Code Monkey home page Code Monkey logo

ya-csv's Introduction

ya-csv

Event based CSV parser and writer for Node.js suitable for processing large CSV streams.

  • Designed for high performance and ease of use.
  • RFC 4180 compliance with optional extensions.
  • Zero dependencies.

Example

// A simple echo program:
var csv = require('ya-csv');

var reader = csv.createCsvStreamReader(process.openStdin());
var writer = csv.createCsvStreamWriter(process.stdout);

reader.addListener('data', function(data) {
    writer.writeRecord(data);
});

reader.addListener('error', function(e) {
    console.error('Oops!');
});

Installation

npm install ya-csv

Current version requires at least Node.js v0.2.3 and it's tested with Node.js v0.4.12, 0.6.11, 0.7.5 and v0.10.24. Hope it works with the other versions in between too.

Features

  • event based, suitable for processing big CSV streams
  • configurable separator, quote and escape characters (comma, double-quote and double-quote by default)
  • ignores lines starting with configurable comment character (off by default)
  • supports memory-only streaming

More examples

Echo first column of the data.csv file:

// equivalent of csv.createCsvFileReader('data.csv') 
var reader = csv.createCsvFileReader('data.csv', {
    'separator': ',',
    'quote': '"',
    'escape': '"',       
    'comment': '',
});
var writer = new csv.CsvWriter(process.stdout);
reader.addListener('data', function(data) {
    writer.writeRecord([ data[0] ]);
});

Return data in objects rather than arrays: either by grabbing the column names form the header row (first row is not passed to the data listener):

var reader = csv.createCsvFileReader('data.csv', { columnsFromHeader: true });
reader.addListener('data', function(data) {
    // supposing there are so named columns in the source file
    sys.puts(data.col1 + " ... " + data.col2);
});

... or by providing column names from the client code (first row is passed to the data listener in this case):

var reader = csv.createCsvFileReader('data.csv');
reader.setColumnNames([ 'col1', 'col2' ]);
reader.addListener('data', function(data) {
    sys.puts(data.col1 + " ... " + data.col2);
});

Note reader.setColumnNames() resets the column names so next invocation of the data listener will again receive the data in an array rather than an object.

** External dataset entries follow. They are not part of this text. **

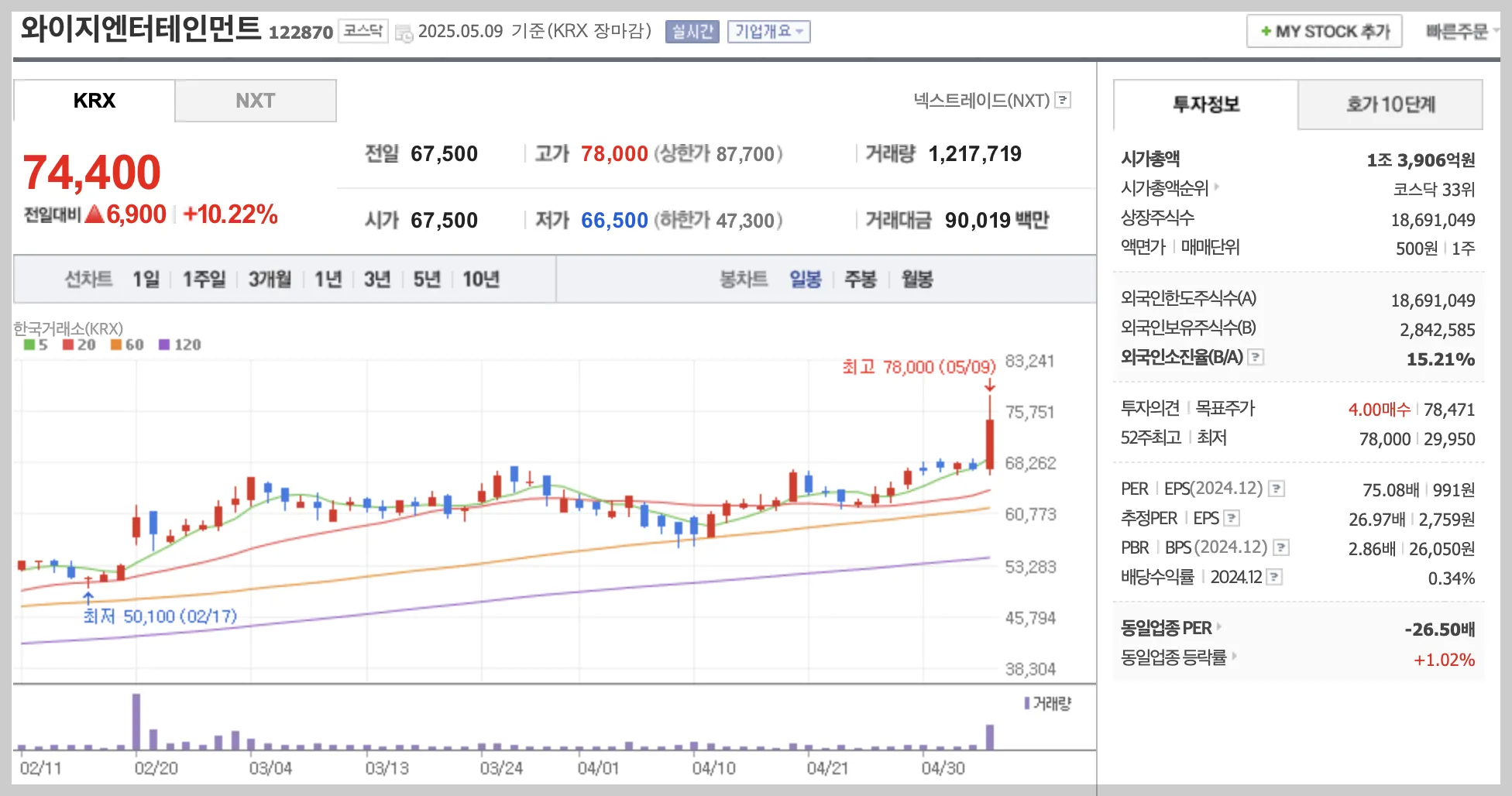 와이지엔터테인먼트 일봉 차트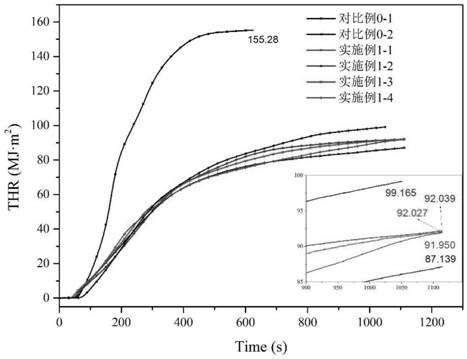 Carbon nitride-polyaniline nano composite material and preparation method thereof, and carbon nitride-polyaniline intumescent fire retardant coating and preparation method thereof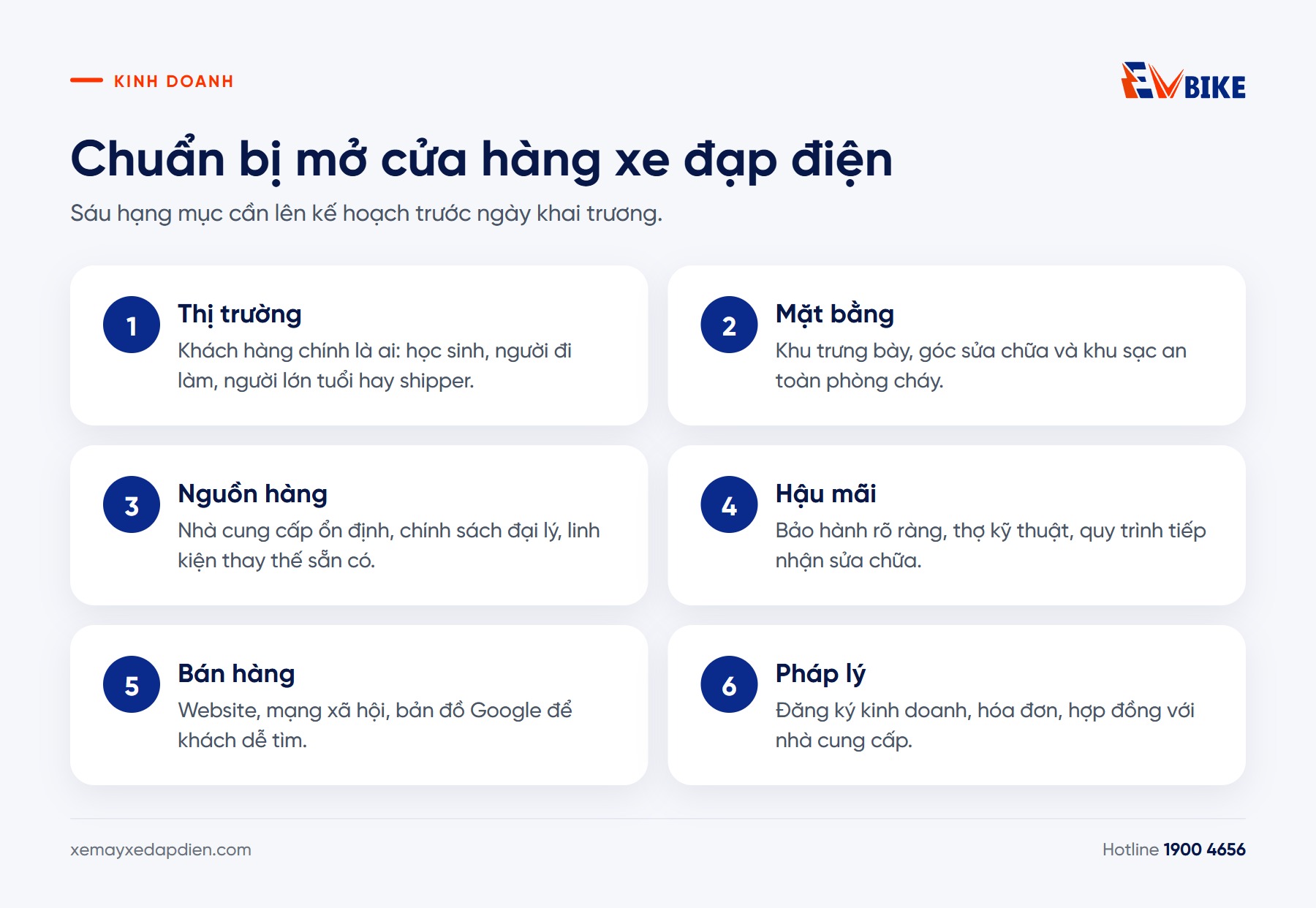 Sáu hạng mục cần chuẩn bị khi mở cửa hàng xe đạp điện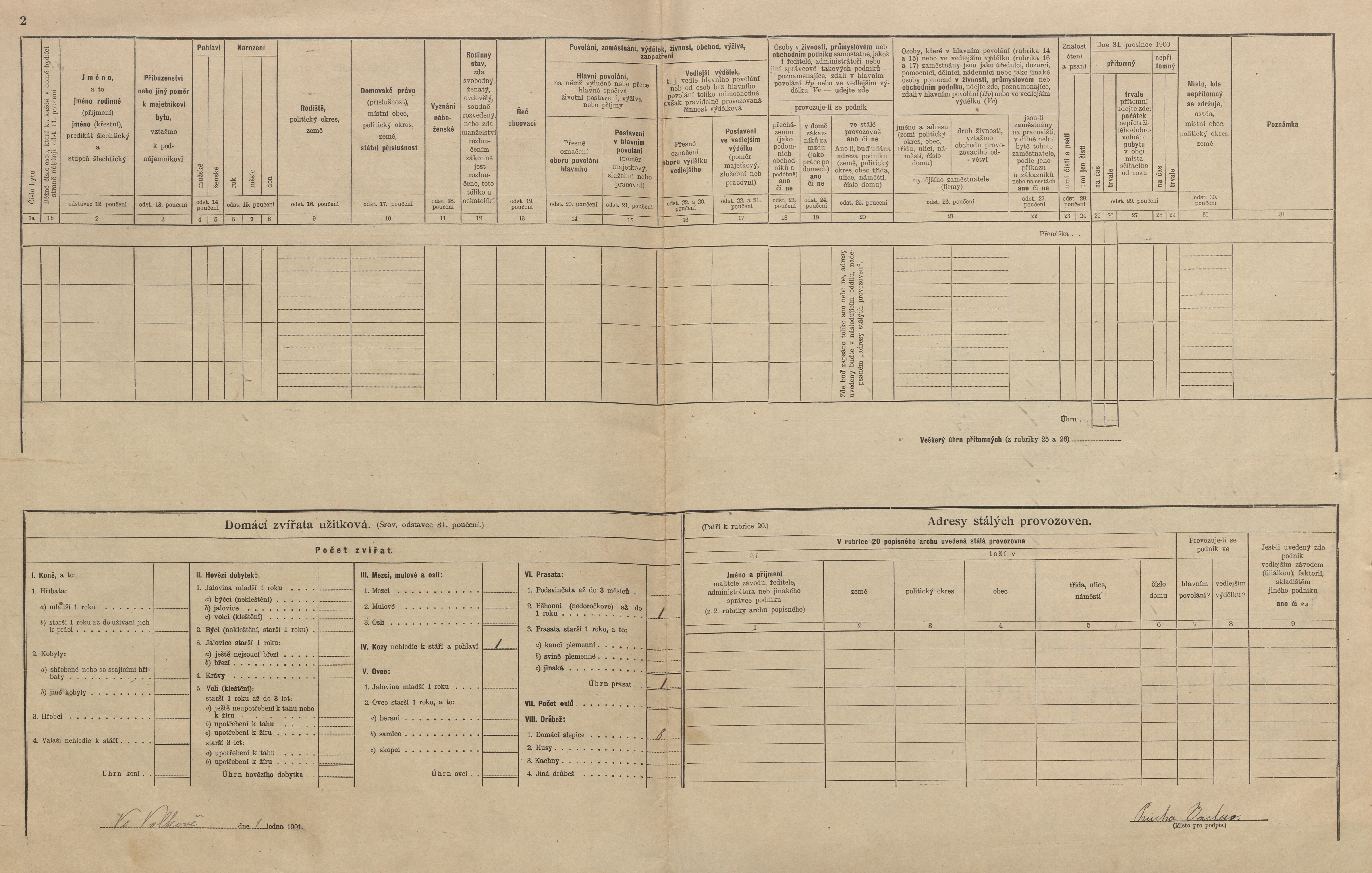 4. soap-pj_00302_census-1900-volkov-cp031_0040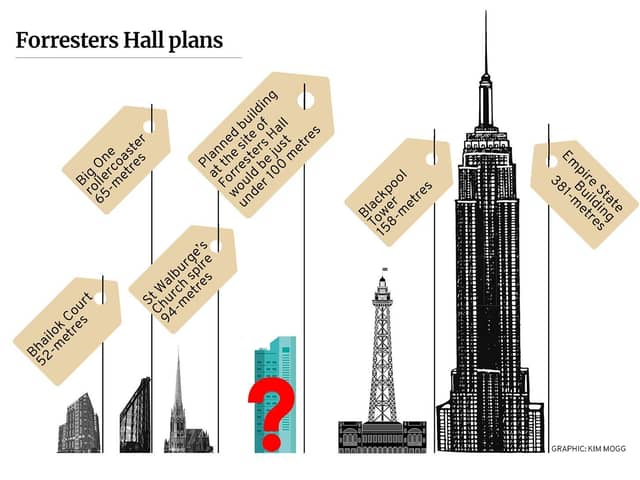 A look at how the proposed new development for Foresters Hall compares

Convert the /etc/passwd file to comma separated format, drop commented lines and dump the results to the standard output:

var reader = csv.createCsvFileReader('/etc/passwd', {
    'separator': ':',
    'quote': '"',
    'escape': '"',
    'comment': '#',
});
var writer = new csv.CsvWriter(process.stdout);
reader.addListener('data', function(data) {
    writer.writeRecord(data);
});

Parsing an upload as the data comes in, using node-formidable:

upload_form.onPart = function(part) {
    if (!part.filename) { upload_form.handlePart(part); return }

    var reader = csv.createCsvFileReader({'comment': '#'});
    reader.addListener('data', function(data) {
        saveRecord(data);
    });

    part.on('data', function(buffer) {
        // Pipe incoming data into the reader.
        reader.parse(buffer);
    });
    part.on('end', function() {
        reader.end()
    }
}

CsvReader Options

Note: the defaults are based on the values from RFC 4180 - https://tools.ietf.org/html/rfc4180

  • separator - field separator (delimiter), default: ',' (comma)
  • quote - the character used to enclose fields with white space characters, escaping etc., default: '"' (double quote)
  • escape - character used to escape the quote inside a field, default: '"' (double quote). If you are changing quotechar you may want to change the escape to the same value
  • comment - parser will ignore this character and all following characters on the same line the line, default: none
  • columnNames - an array of column names, if used, the rows sent to the data listener are represented as hashes instead of arrays, default: none
  • columnsFromHeader - boolean value indicating whether the first row should be interpreted as a list of header names. If used, the rows sent to the data listener are represented as hashes instead of arrays, default: false
  • nestedQuotes - boolean value indicating whether the parser should try to process a file with unescaped quote characters inside fields, default: false
  • flags - a string with flags to be passed through to createRead/WriteStream (only supported via createCsvFileReader and createCsvFileWriter methods), default: none

CSvWriter Options

  • separator - field separator (delimiter), default: ',' (comma)
  • quote - the character used to enclose fields with white space characters, escaping etc., default: '"' (double quote)
  • escape - character used to escape the quote inside a field, default: '"' (double quote). If you are changing quotechar you may want to change the escape to the same value
  • escapeFormulas - boolean value indiciating whether the parser should escape '=', '+' and '-' with an apostrophe to prevent some programs from treating the content as an executable formula, default: false

ya-csv's People

Contributors

koles avatar tedeh avatar cstigler avatar 73rhodes avatar dominykas avatar esatterwhite avatar blakmatrix avatar heycalmdown avatar miracle2k avatar tootallnate avatar freewil avatar leesei avatar

Watchers

James Drew avatar

Recommend Projects

  • React photo React

    A declarative, efficient, and flexible JavaScript library for building user interfaces.

  • Vue.js photo Vue.js

    ๐Ÿ–– Vue.js is a progressive, incrementally-adoptable JavaScript framework for building UI on the web.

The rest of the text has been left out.